Scalable, high-performance ML toolboxes designed to deliver a compact and broad sense of hearing
Our technology allows us to lead the sound recognition field both from a performance and compactness point of view.
Compared to Apple’s iOS accessibility feature, our technology delivers 56x better classification performance.
And when compared with MobileNet (a popular network architecture used for compact mobile and embedded ML applications) our network architecture requires 144x fewer FLOPS (floating point operations per second).
Data: The bedrock of good audio ML
To teach our technology to accurately model sounds, we have to expose it to high quality, real-world data. Quantity matters, but high-performance is also about relevance and diversity. Read more in our whitepaper.

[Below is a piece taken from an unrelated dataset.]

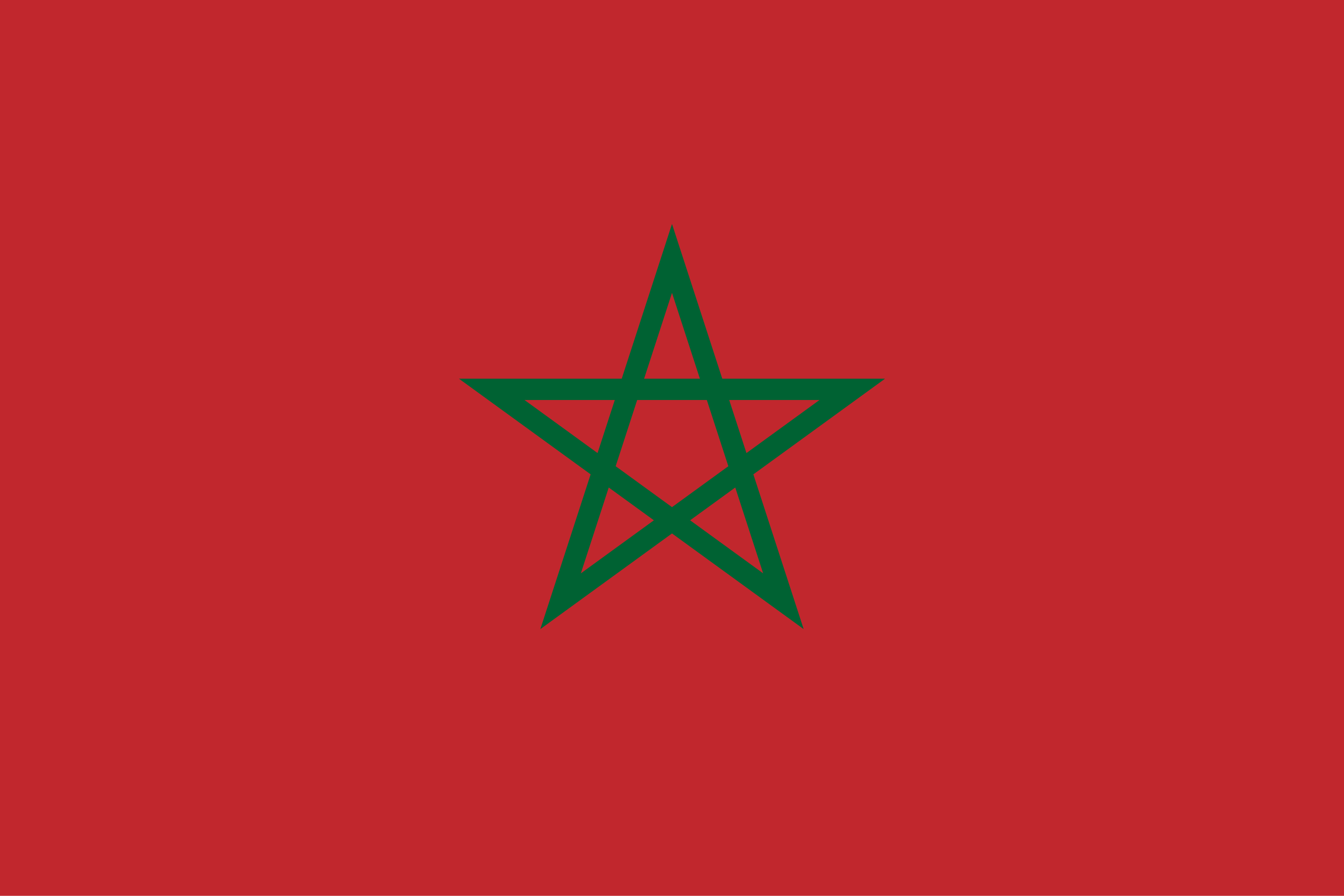 Drapeau du Maroc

We record sounds either in our dedicated anechoic Sound Labs, through our network of volunteers, or via our dedicated data collection teams. It means that we know everything about the data we use to train our models.

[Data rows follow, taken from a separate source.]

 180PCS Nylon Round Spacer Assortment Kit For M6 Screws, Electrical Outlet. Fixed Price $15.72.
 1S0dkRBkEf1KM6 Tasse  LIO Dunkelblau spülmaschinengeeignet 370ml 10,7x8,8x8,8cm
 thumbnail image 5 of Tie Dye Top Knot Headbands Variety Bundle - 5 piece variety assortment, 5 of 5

Our approaches to data collection and management are also in-line with global legal and ethical best practice, which means that our customers can confidently deploy our technology into the global market. Read more in our whitepaper.
Alexandria™ contains 30,000,000 labelled recordings across 1,000 sound classes, and 400,000,000 meta data points.

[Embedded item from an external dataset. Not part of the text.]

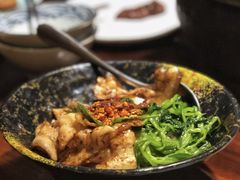 炭烤猪五花肉盖饭-热血兄弟·炭火烤肉(融侨中心店)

Alexandria™ – The world’s largest, commercially exploitable audio dataset
Alexandria™ provides us with a rich platform from which to build and manage the data necessary for giving machines a compact sense of hearing.
By leveraging the vast amount of data in Alexandria™ and by using our Acoustically Smart Temporal Augmentation techniques, we can construct acoustically accurate polyphonic soundscapes that represent a wide range of real-world scenarios which would be practically impossible to collect.
AuditoryNET™ – Sophisticated and optimized DNNs built for hearing
AuditoryNET™ is a range of compact, topologically-optimized DNNs, associated training frameworks and toolboxes designed specifically for the formal ML tasks within sound recognition (sound event detection, scene recognition and tagging).
Giving machines a broad sense of hearing beyond speech and music presents a number of specific challenges. This has led to many breakthroughs including:
- Our patented sound recognition loss function tools and our range of sound recognition specific model compression tools.
- A robust metric for evaluation sound recognition systems. Our published work on the Polyphonic Sound Detection Score (PSDS) has led to it fast becoming the industry’s standard approach to evaluating sound recognition.
Comparing network size and computational load
To illustrate the compactness of our technology we’ve compared one of our models from AuditoryNET™ (recognizing six sound classes) with two network architectures used in the research arena: MobileNet (recognizing six sound classes) and ResNet (recognizing 10 sound classes). Both are familiar to a broad range of people working in machine learning and both selected network architectures are also often used by groups entering the annual academic DCASE Challenge for sound recognition tasks.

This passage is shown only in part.